They didn't expect people in Oklahoma to be so nice to them.
They were used to the people back home in England, staring at their 8-year-old son's eye tumor.
So when Paula Hitchen and Steve Lavender stepped off the plane in Oklahoma City with their son, Connah, they didn't expect to be shown repeated kindness.
“When I came here, not just at the hospital, but everybody, they're brilliant,” Lavender said. “They don't stare — everybody is great. It's something I can't explain, but you feel at ease.”
The family has been in Oklahoma for the past few weeks as Connah undergoes proton therapy for his orbital tumor, which at one point was coming out of his eye socket.
The ProCure Proton Therapy Center in Oklahoma City is one of about 10 proton therapy centers in the United States and one of about 35 in the world.
The Peggy and Charles Stephenson Cancer Center in Oklahoma City plans to open another proton therapy center at the end of the year.
Proton therapy is a type of cancer treatment that uses beams of particles called protons to target cancer cells, according to the National Institutes of Health. Other types of cancer treatment generally use X-rays to attack cancer cells.
More than just ‘Oklahoma!'
All that Connah's parents knew of Oklahoma was the musical of the same name.
When they arrived at the Will Rogers World Airport, they didn't expect staff to have a wheelchair waiting for Connah, who needs a wheelchair sometimes because of the pain from chemotherapy.
The man pushing the wheelchair immediately started joking with them, imitating a British accent and trying to talk like Ozzy Osbourne.
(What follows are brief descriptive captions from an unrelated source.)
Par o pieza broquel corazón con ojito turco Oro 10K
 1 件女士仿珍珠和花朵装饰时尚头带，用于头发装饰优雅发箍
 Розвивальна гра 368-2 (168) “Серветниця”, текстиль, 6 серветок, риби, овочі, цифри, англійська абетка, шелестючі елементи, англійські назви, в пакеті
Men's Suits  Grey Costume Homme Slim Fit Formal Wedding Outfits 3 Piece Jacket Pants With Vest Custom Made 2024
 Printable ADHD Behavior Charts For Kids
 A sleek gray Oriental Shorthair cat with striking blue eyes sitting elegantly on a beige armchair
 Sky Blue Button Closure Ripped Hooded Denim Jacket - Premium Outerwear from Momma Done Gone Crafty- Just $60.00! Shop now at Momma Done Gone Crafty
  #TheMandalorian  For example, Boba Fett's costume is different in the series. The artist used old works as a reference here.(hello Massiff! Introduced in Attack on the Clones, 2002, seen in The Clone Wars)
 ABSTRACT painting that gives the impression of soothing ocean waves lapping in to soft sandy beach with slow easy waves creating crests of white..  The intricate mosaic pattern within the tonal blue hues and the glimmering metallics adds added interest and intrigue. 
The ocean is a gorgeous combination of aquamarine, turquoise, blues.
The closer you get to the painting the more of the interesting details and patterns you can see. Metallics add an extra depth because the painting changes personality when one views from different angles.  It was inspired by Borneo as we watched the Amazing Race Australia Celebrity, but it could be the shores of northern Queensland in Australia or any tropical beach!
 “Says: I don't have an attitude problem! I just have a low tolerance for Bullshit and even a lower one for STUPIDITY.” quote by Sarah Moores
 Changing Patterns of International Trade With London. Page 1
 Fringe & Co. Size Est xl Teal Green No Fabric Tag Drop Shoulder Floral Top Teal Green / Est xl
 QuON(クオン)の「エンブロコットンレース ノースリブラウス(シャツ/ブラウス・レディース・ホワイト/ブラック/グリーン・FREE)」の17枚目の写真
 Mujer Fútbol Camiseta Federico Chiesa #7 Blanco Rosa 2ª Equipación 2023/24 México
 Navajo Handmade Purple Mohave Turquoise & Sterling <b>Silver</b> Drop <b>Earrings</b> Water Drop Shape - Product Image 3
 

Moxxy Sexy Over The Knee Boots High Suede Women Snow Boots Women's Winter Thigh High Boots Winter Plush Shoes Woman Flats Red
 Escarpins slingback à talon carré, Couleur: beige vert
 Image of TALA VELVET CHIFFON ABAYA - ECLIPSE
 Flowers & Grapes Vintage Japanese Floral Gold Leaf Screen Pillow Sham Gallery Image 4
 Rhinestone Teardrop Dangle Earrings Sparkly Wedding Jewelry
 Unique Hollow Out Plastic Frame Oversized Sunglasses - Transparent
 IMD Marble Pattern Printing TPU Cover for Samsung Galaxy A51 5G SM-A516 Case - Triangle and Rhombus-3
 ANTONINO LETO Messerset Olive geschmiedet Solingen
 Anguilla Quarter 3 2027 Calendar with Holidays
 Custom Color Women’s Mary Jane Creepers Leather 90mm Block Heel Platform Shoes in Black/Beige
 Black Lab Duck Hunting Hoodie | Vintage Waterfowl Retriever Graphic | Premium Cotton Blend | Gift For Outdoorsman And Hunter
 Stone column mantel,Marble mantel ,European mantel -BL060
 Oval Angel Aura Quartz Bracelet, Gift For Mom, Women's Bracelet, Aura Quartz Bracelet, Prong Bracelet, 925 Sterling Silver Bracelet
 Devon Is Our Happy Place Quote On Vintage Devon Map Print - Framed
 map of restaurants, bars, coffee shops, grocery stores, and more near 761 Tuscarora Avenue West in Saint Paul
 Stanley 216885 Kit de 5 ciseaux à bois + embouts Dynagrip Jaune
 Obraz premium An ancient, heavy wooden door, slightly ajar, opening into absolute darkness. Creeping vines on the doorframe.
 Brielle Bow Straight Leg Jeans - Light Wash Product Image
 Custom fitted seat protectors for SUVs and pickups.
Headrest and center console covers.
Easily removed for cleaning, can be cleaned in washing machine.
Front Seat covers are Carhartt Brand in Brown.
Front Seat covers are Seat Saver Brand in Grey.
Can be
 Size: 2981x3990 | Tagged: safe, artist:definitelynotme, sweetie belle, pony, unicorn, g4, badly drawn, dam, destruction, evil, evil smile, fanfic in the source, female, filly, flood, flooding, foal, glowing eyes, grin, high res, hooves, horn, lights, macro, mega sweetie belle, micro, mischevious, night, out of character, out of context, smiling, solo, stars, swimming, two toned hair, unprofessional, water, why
This was the first of many friendly encounters the family has had, they said. Whenever someone does look at Connah, they usually come up to the family, ask what Connah's name is and tell the family they will pray for them.
This kindness helps Hitchen and Lavender cope, they said. The family's journey since Connah's cancer was discovered hasn't been easy.
At one point, Connah's tumor was so large he needed a sling on his face to hold the tumor and keep the fluids it leaked from getting on his face.
But Connah does not act like a sick child. He does not complain about the tests and the treatment and the side effects of his treatment.
Instead, he wants to tell you about his iPad and its apps, the machine he gets treatment in, and his plans to be the next Steve Jobs or Bill Gates. He also likes to dance like Michael Jackson, happy to sing a few lines from “Thriller” or “The Way You Make Me Feel.”
The only thing he's scared of, he said, is the dark.
“Mom calls me her hero,” Connah said. “Because the chemo was bad, and I've been through all of this.”
Connah is not the only patient from England to travel to Oklahoma. He's one of many who have flown across the Atlantic Ocean to seek treatment.
It wasn't a question for Tracy Botham and her husband if they would bring their 6-year-old daughter, Lily Rose, to Oklahoma for proton therapy.
“We wanted to give her the best chance possible,” Botham said.
Doctors told the family they could have a fully disabled child, or go spend eight weeks in the U.S. and get Lily better, Botham said.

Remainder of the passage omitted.